Immigration, both legal and illegal, had been soaring during the boom years of the go-go ’80s without garnering much attention. But in a state known for the volatility of its economy (roughly double the national average), when times felt tough, as they did in 1994, perception was more important than individual financial reality, and “native” Californians predictably focused on perceived rivals. As in previous down cycles, immigrants were more likely to be seen as a burden than a boon, and undocumented workers and their families became a target of rising anger.

“Nowhere has this sentiment been more evident than in California,” wrote R. Michael Alvarez and Tara L. Butterfield in an academic paper they produced for the California Institute of Technology. They noted that during the 1990s, California experienced cutbacks in the defense industry and closure of military bases contributing to the loss of nearly a million jobs and the attendant loss of tax revenues. By 1994, the state was suffering through its worst recession since the Great Depression. The authors wrote that the downturn in the economy and the economic insecurity among the populace correlated to the introduction that year of thirty legislative bills and two citizen-initiated ballot initiatives dealing with immigration.

The authors’ study used exit polling, economic figures, and other data to show this pattern repeated itself in generating such strong support for 187. It should be noted, however, that the measure’s manifestation was in no way inevitable: Contemporary polls of voter priorities actually held immigration to be barely in the top ten or even fifteen issues facing the state. If powerful politicians, especially Wilson, had not thrown their weight behind it, it might have never reached critical mass. What Wilson and other 187 supporters accomplished with their ads and speeches was to explicitly marry the state’s budget and economic problems—far and away the number one concern of voters—to the immigration issue. This tactic was used by the 2016 Republican primary candidate Donald Trump with his exhortation against undocumented immigrants: “They’re taking our jobs. They’re taking our manufacturing jobs. They’re taking our money. They’re killing us.”

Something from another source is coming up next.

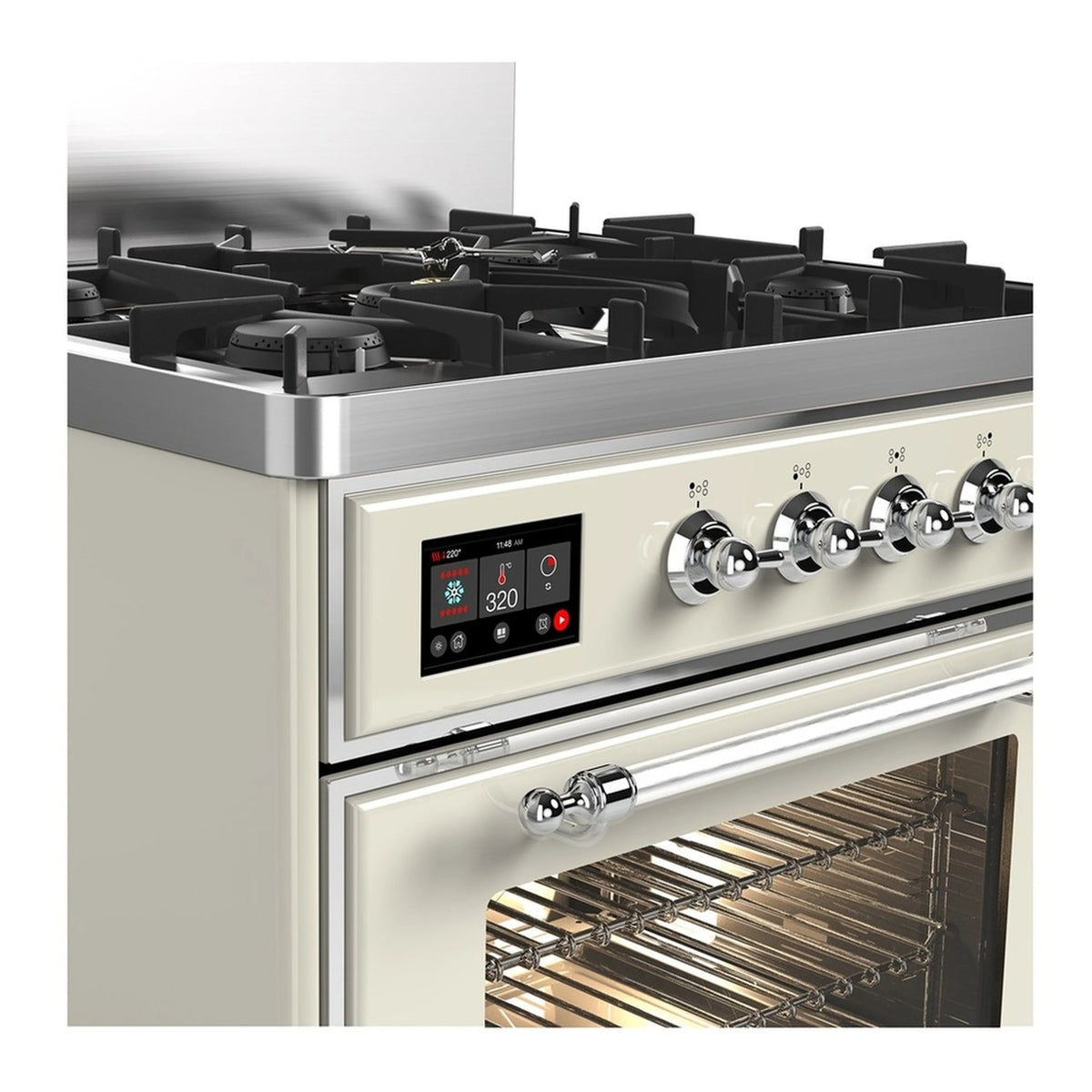Antique white dual fuel range with chrome knobs, digital display, and open oven interior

Cleverly presented as a commonsense fairness issue, to avoid scaring off voters fearful of being considered discriminatory, Proposition 187’s passage was all but assured. Encouraged by a small but vocal subset of legal immigrants expressing anger at how “illegals” were benefiting from cheating (a “fairness” argument that allowed them to deny the proposition was racist) and finding bipartisan support in polls, Republicans were perhaps blind to the political trap into which they were falling headlong. The fact is that while even an old school Democrat like Feinstein could barely muster halfhearted opposition to it, Latinos and other immigrants angry about 187—not only in California but across the country, and especially the younger generation—would hold the Republicans responsible for its creation and sentiment years after the measure marred the California social and political landscape.

It was a watershed disaster for Republicans, who rode a self-righteous, nativist wave right into political irrelevance in the most important state in the country. At the time, however, Democrats gave no indication they understood this; they seemed to feel the wave was crashing on their own heads. Instead of baiting Republicans by aggressively defending immigrants and emphasizing that many Americans had less-than-stellar arrival stories, the blue party’s message on 187 was defensive, legalistic, and targeted directly at voters’ self- interest rather than their morality or compassion.

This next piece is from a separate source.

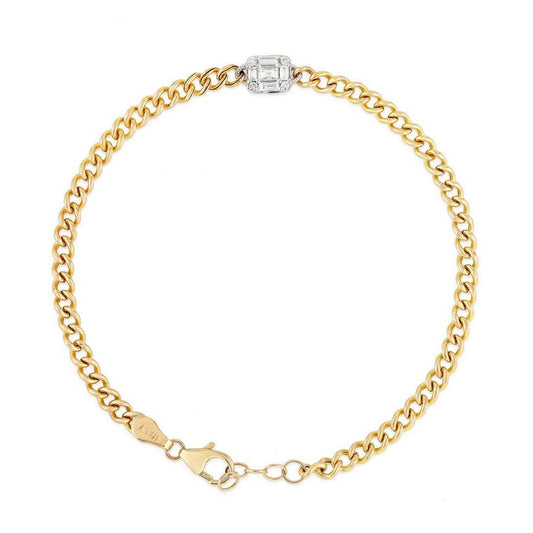 Nine Lightwave Diamond Link Bracelet in 14K Yellow Gold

As Los Angeles Times reporters Patrick J. McDonnell and Dave Lesher wrote, “In explaining their opposition to the proposition, for example, Clin- ton and Feinstein emphasized two oft-cited potential impacts: an increase in crime by those youngsters denied schooling and left on their own on the streets, and a spread of disease by immigrants who would be unable to obtain immunizations and other health care.” Clinton and Feinstein also pounded on the financial costs of 187, particularly the possible loss of $15 billion in federal aid for health, education, and welfare benefits, and emphasized how silly it was to enact a law the Supreme Court would likely dismiss.

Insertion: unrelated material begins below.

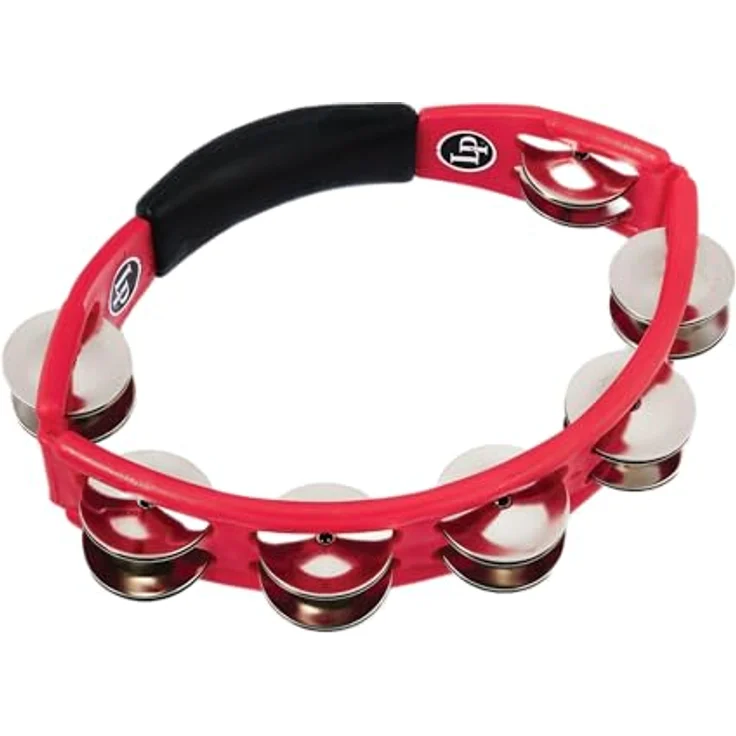 LP 151 Cyclops Tambourine, Hand-Modell mit 14 Paar vernickelten Schellen, rot – Bild 2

“In short, while leading Democrats did not endorse Proposition 187, they fully participated in constructing unauthorized immigration as a political and economic crisis that required uncompromising action, essentially affirming the rationale that fueled Proposition 187,” wrote Daniel Martinez HoSang in his book Racial Propositions: Ballot Initiatives and the Making of Postwar California.

While most state politicians were either stridently for Prop 187 or weakly against it, organized opposition to the initiative was hampered by a serious internal split between grassroots immigration activists and an establishment group, Taxpayers Against 187, the name chosen for the campaign by two Bay Area Republican consultants hired to run it. “The decision by a Democratic civil rights labor coalition to retain a Republican consultancy to derail a deeply radicalized ballot initiative spoke volumes about the limited confidence they had in their own ability to communicate with the electorate about this issue,” observed HoSang.

Even the first line of the “No on 187” ballot argument, signed by an interesting alliance—Sherman Block, the Los Angeles County sheriff, and the presidents of the California Teachers Association and the California Medical Association—was an attack on the undocumented: “Something must be done to stop the flow of illegal immigrants coming across the border.”

For those who believed most undocumented immigrants were exploited, hardworking people doing essential jobs other Californians were loath to do, this was outrageous. While Taxpayers Against 187, which feared having Latinos as presenters of their arguments, tapped Sheriff Block to be a main spokesperson, the grassroots activists ultimately organized massive student protests that would later be blamed for inciting a greater reactionary response.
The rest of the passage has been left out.